To prevent future ransomware attacks, the firm instituted regular cybersecurity training, added new monitoring tools and tightened up the sites (e.g., via trusted DNS) that could be accessed by their employees.
Rogue blog
An online retailer was compromised when an admin installed a WordPress blog on their e-commerce web server. While the action was well-intended, it was poorly executed. The CMS was not incorporated into routine maintenance or vulnerability scanning, so it remained unpatched, including a critical vulnerability in the password reset process. Poor coding habits meant that a webshell uploaded via the CMS admin portal was quickly able to discover hardcoded database credentials.
A second well-intended but poorly executed step was when the person who first discovered the breach tried to purge the webshell, scrubbing a lot of forensic artifacts in the process and significantly impeding the subsequent investigation.
The case of the missing laptop
A medical practice administrator had work to do over a holiday weekend, so they took their work laptop home.
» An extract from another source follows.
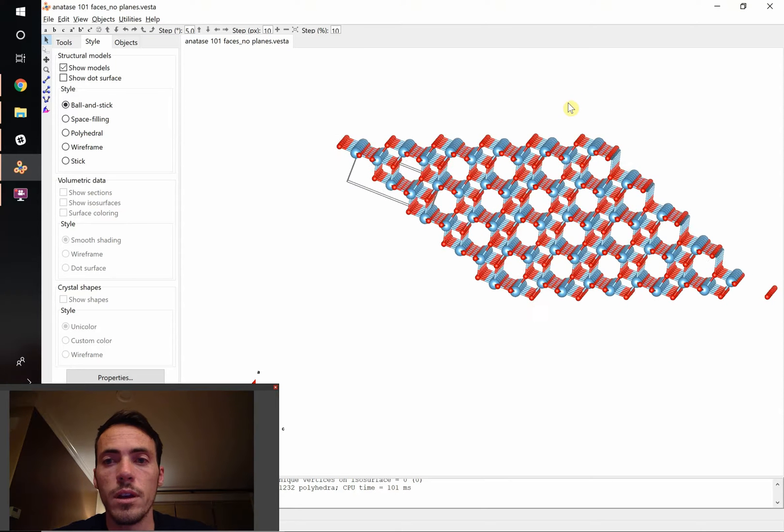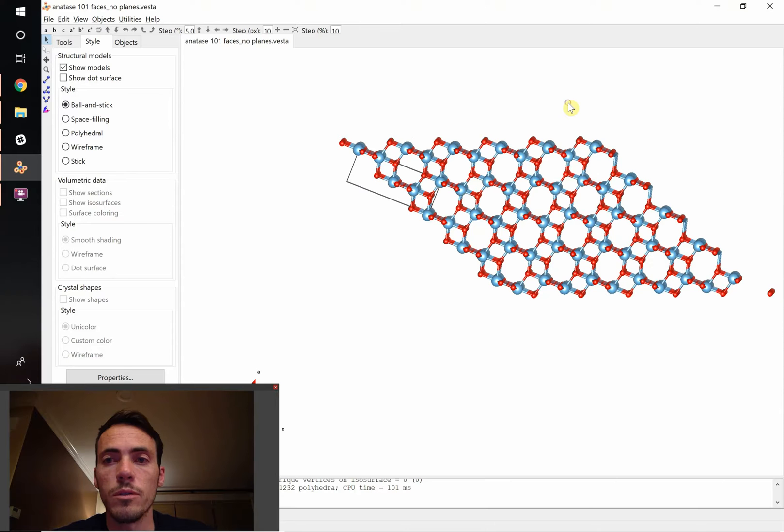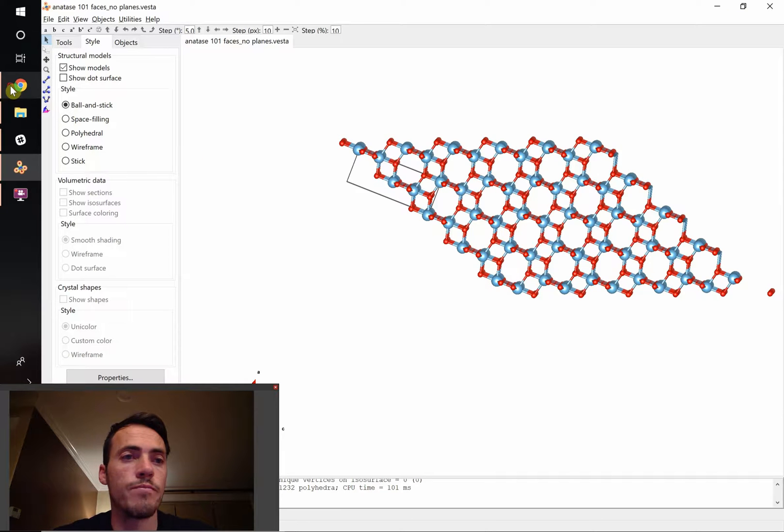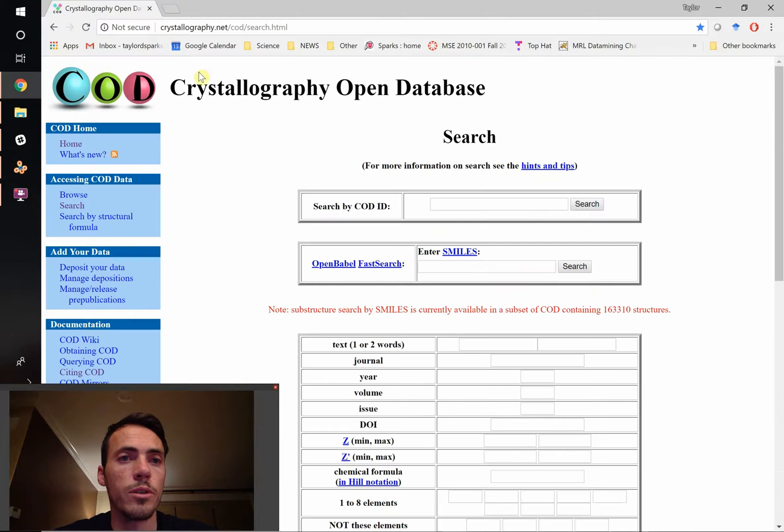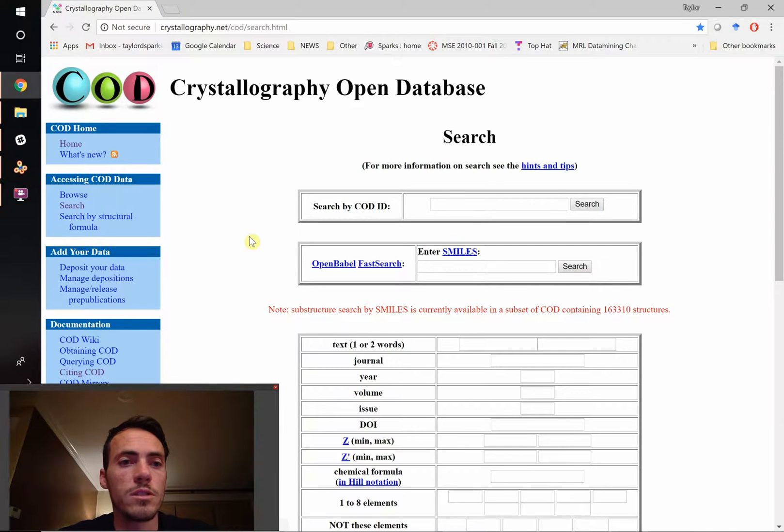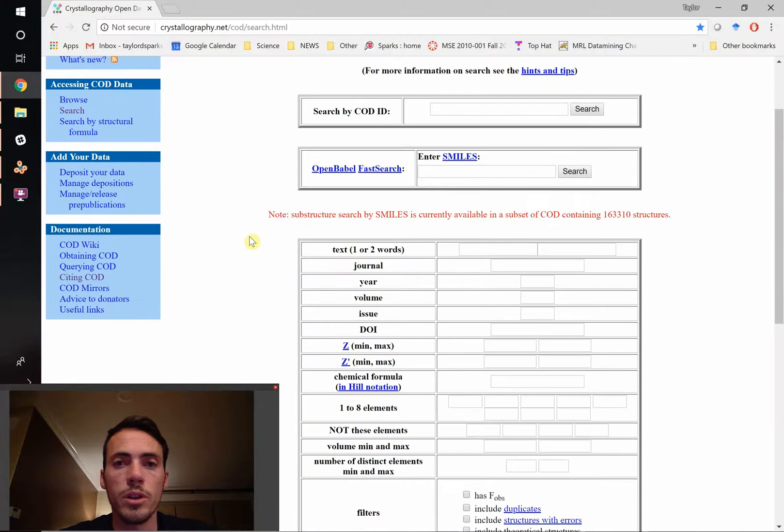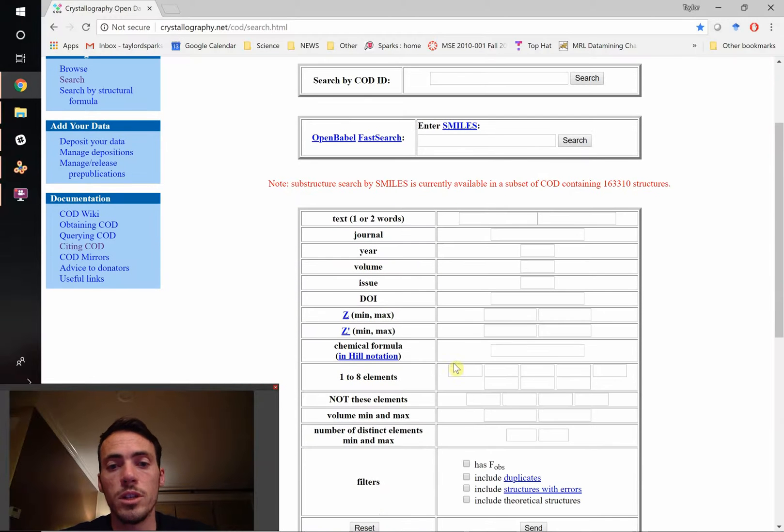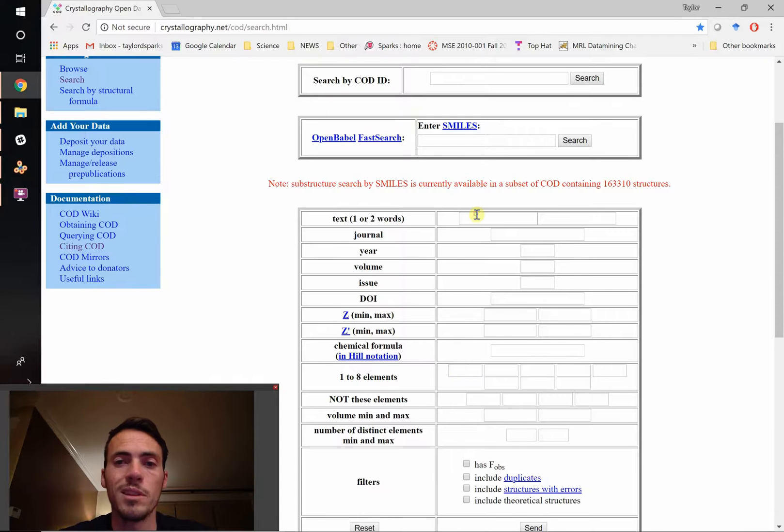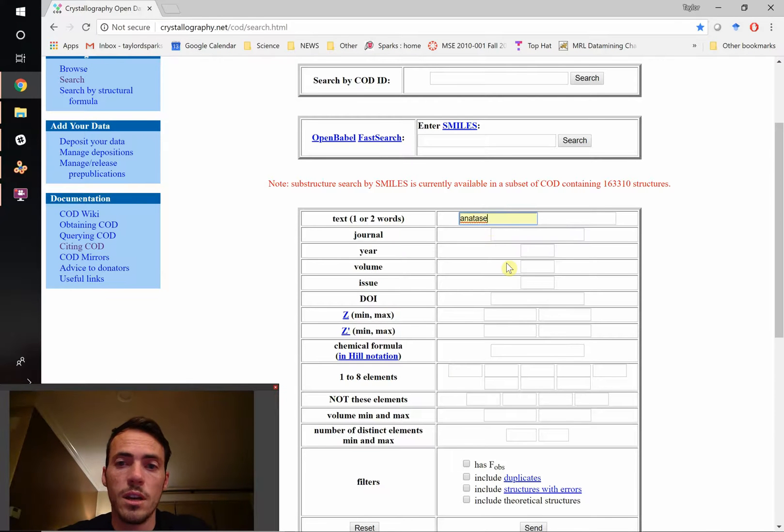Let's get started looking for the crystal structure of anatase. We're going to go to our old friend, the crystallography open database. You're going to hit search, which will bring you to this database, and you could punch in the elements TiO2 or with a name like anatase. Let's just punch it in and see what comes up.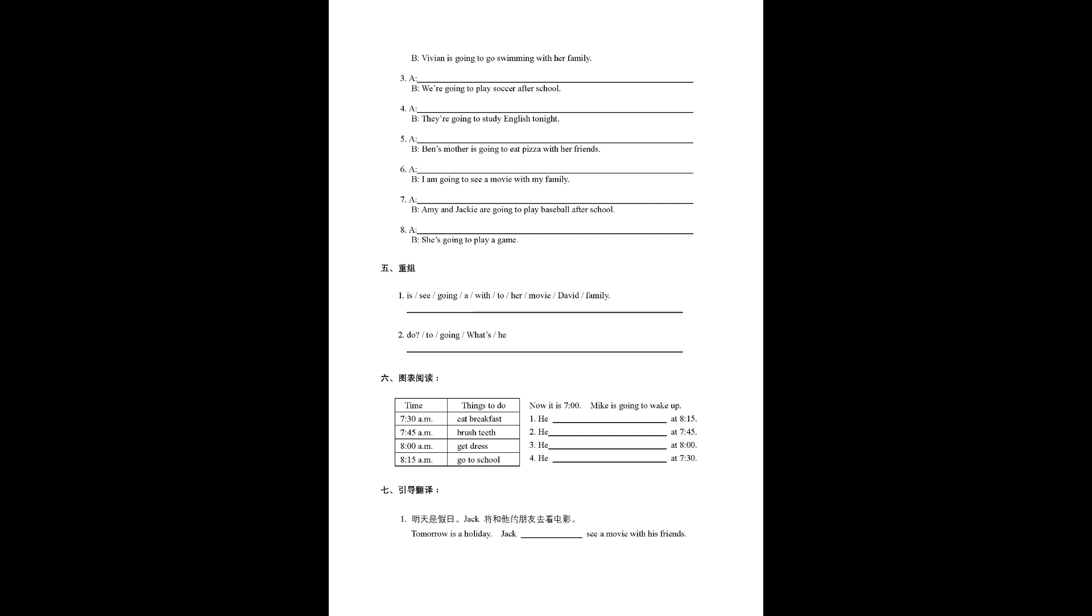Number two, Vivian is going to go swimming with her family. Number three, we're going to play soccer after school.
This person was a long-standing employee, well-liked and had great employee reviews — the type of individual any organization would trust to be a responsible caretaker of any sensitive data in their possession.
The particular work laptop the employee took home contained patient information subject to HIPAA protections, as well as financial data that could very quickly do the organization damage if it fell into the wrong hands.
On the first workday after the holiday weekend, the medical practice received a phone call. A family member called to inform them that the administrator had died, killed in an auto accident.
Workers at the medical practice were appropriately distraught over losing the coworker they had known for years and offered their condolences to the family and each other. At the same time, there was concern about the laptop and the sensitive information it held. The family was informed about the need to return the laptop to the medical facility, but it could not be found.
The medical practice was now faced with the possibility of having to report the situation as a data breach, but still wanted to make sure the data would remain secure and private. The organization used a Managed Service Provider (MSP), which implemented security tools across the medical practice’s devices, including encryption and remote data security tools, like revocation of access, remote data wiping and other security and reporting tools.
The MSP quickly performed a check of the computer and discovered that it was indeed connected and online. By deploying another anti-theft tool, it was possible to activate the laptop’s webcam to see where the laptop was, and who was using it.
The image revealed none other than the deceased administrator — very much alive and holed up in an RV in the desert. Apparently, they were watching YouTube videos with a new dirt bike resting against the wall. The police were contacted, and further traces located the rogue employee’s position. The authorities discovered the administrator with the stolen laptop, $8,000 in cash, and soon learned that the RV was stolen as well.
Encryption would not have been enough on its own (since the administrator had the credentials). What was important was the ability to remotely remove access and remotely wipe sensitive data from a device altogether.
Stay safe from cyber horror
There’s one thing these cybersecurity horror stories make clear: You can never truly know when or how a breach will occur. But when organizations use a combination of cybersecurity tools, education and planning ahead, the results of a cyberattack or breach don’t have to be downright terrifying.